Determine the location and any preplanning that was done at that site. This is where the training, and mapping your areas pays off. If every man has trained for all possible scenarios before an actual call, then all members will already know bottom conditions and depth

All equipment responding to the call must be stationed where it is readily available. This is the STAGING AREA. The staging area must be close enough so manpower can reach the actual location but also stationed so large trucks, such as firetrucks, do not block access to the site.

Next the Team Leader must set up his COMMAND POST (CP) that is the area the Team will be operating from. It must have clear access to equipment and water. This must be a well thought out and rehearsed operation. The command post contributes to the efficiency and safety of the team. Providing a location where the Team Leader can keep aware of the changing occurrences in the operation. It should be used on every operation, including training dives. It is where transport personnel should wait to receive the victim. The command post is the spot where all responding companies report for duty assignments, therefore, it should not be too far from the staging area. It is also the locality where all members of the media and press should be directed for information. It should have a secure area for members of the family or friends of any victims. By doing this, having to look for them when needed is eliminated, additionally it keeps them from being bothered by bystanders or press.
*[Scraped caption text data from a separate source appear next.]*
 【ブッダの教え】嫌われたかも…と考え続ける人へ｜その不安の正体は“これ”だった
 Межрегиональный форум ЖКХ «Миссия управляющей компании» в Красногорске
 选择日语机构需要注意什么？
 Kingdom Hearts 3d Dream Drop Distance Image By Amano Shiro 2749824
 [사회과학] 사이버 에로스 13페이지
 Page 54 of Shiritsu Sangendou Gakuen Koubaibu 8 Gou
When all equipment is ready the team must decide upon its plan of action. This will be determined by safety factors, risk factors, and training. All pertinent information should be assembled and studied for each particular operation. This will aid in selection of techniques equipment, divers, identifying any potential hazards and making contingencies

The success of any operation is directly related to training and planning. Bottom time is always a premium and any planning that conserves it should be used. All support units should be on location or en route prior to dive operations starting. Equipment and supplies on hand must be adequate to complete any started operation. If the weather is extreme, or whenever the safety of the divers are in jeopardy, dive operations should not be done. When environmental conditions change, and divers are in the water, then dives in progress should be aborted as needed. Be sure that any diver requiring decompression stops, conduct them prior to surfacing on aborted operations. There must be protection at all times from extremes in temperature and pollution.

Some operations, such as a trapped or lost diver in a sunken vessel or cave, will require collecting a great deal of information before any diver enters the water. When the team is in the recovery mode it will have time to gather and plan more slowly than in the rescue mode. If the team is involved in the recovery of a boat, vehicle, or plane from the bottom, they will need to at least know the dimensions and weight. Additional information such as plans and cargo will help establish lifting points and amount of lifting equipment required.
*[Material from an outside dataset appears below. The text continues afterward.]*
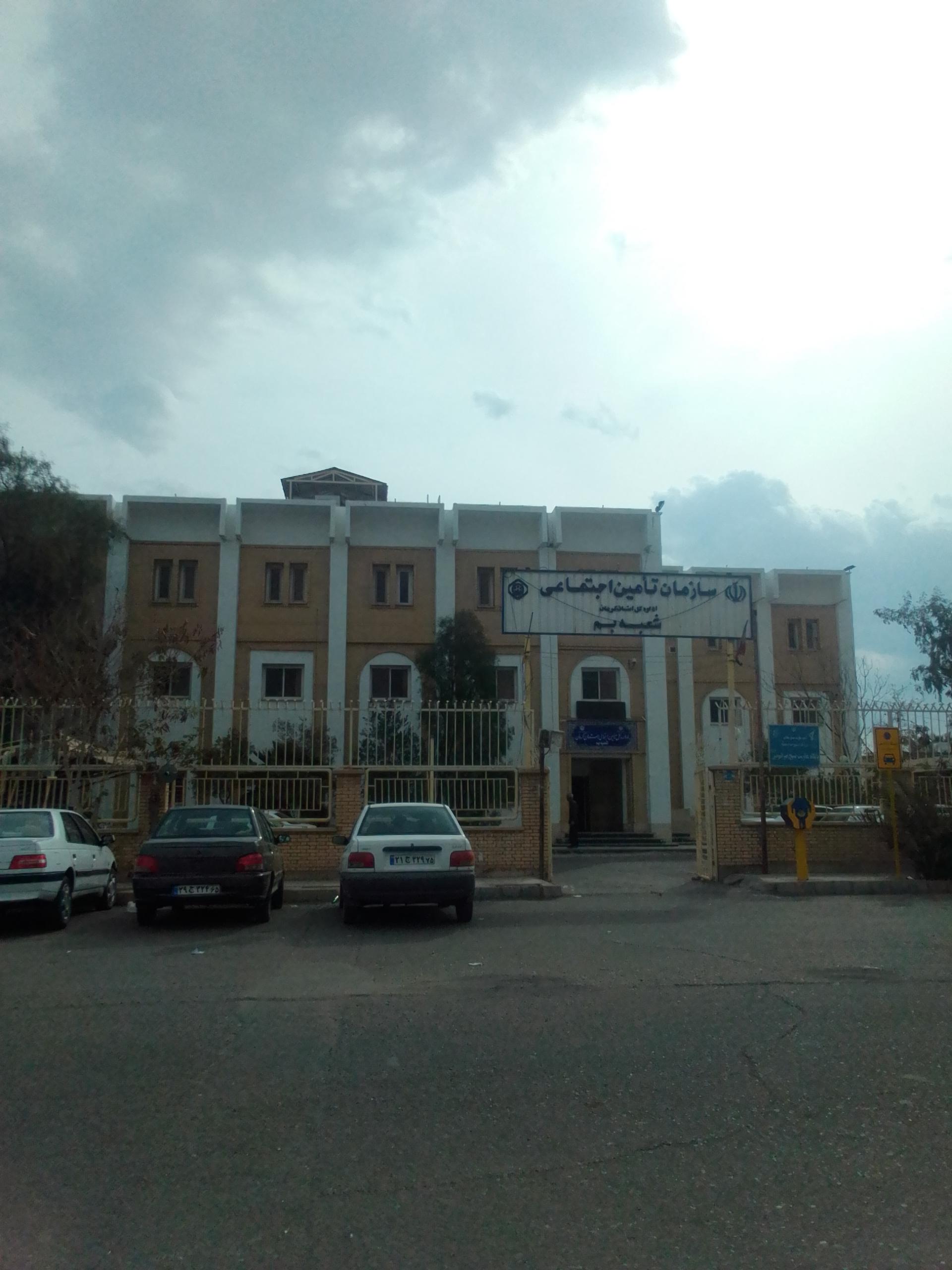 عکس سازمان تأمین اجتماعی بم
In search operations any data gathered in advance will help limit the area to be searched. The importance of this is because underwater searching by divers may be inefficient and can be hazardous to the divers. Any information that narrows the search area is to be considered highly profitable. When the object of the search has been found, the site must be marked with a buoy, which was rigged in advance, prior to the diver surfacing.
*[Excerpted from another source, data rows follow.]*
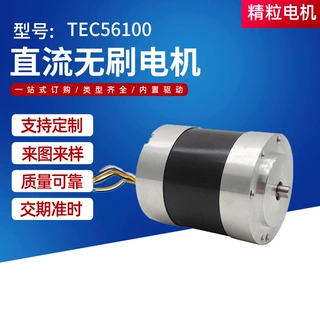 12V常温直流无刷减速微型电机大力矩自动化生产低噪音微型电机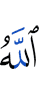 Allah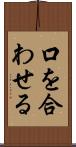 口を合わせる Scroll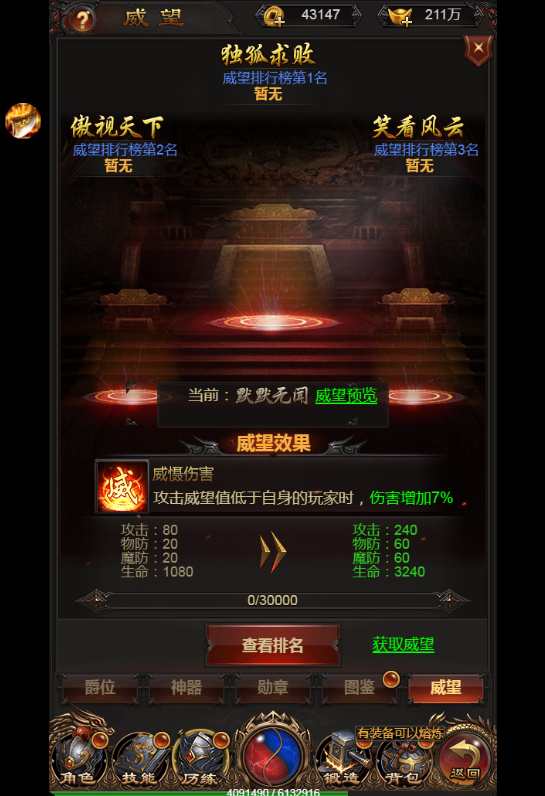 三网雷霆H5游戏【雷霆传奇H5之沙城霸业】2023整理Win一键既玩服务端 GM后台【站长亲测】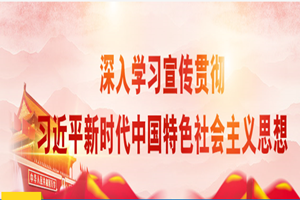 授課圖片—習近平新時代中國特色社會主義思想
Information identifying hazards must be collected before divers enter the water. One of the first things to be considered is how much boating traffic is in the area. Another major considerations is pollution. Anytime that dive operations take place an area where boating traffic is expected, the team must display all appropriate signals. The team also must assume that none of the boaters know what any of the signals mean.

If the dive team is working in the dock area or around ships, they must know the location and status of sea-suction, and discharge points. They should inform the Captain of any vessel they will be operating by that dive operations will be conducted by his ship. This will insure that the ship's props are not started while divers are in the water. This is best done by the Port Authority, or the Coast Guard. In any port notify the Port Captain and Coast Guard before starting operations, especially large ports such as, Houston, Galveston, New Orleans, Los Angeles, Boston, etc.

Whenever the team is in a port doing operations remember to inform the Port Captain. He is responsible for every thing that happens in the port, and only he or the Coast Guard, have the authority to board any vessel of any registry. Never board a vessel without permission, and never board a foreign vessel without the Port Captain, or the Coast Guard.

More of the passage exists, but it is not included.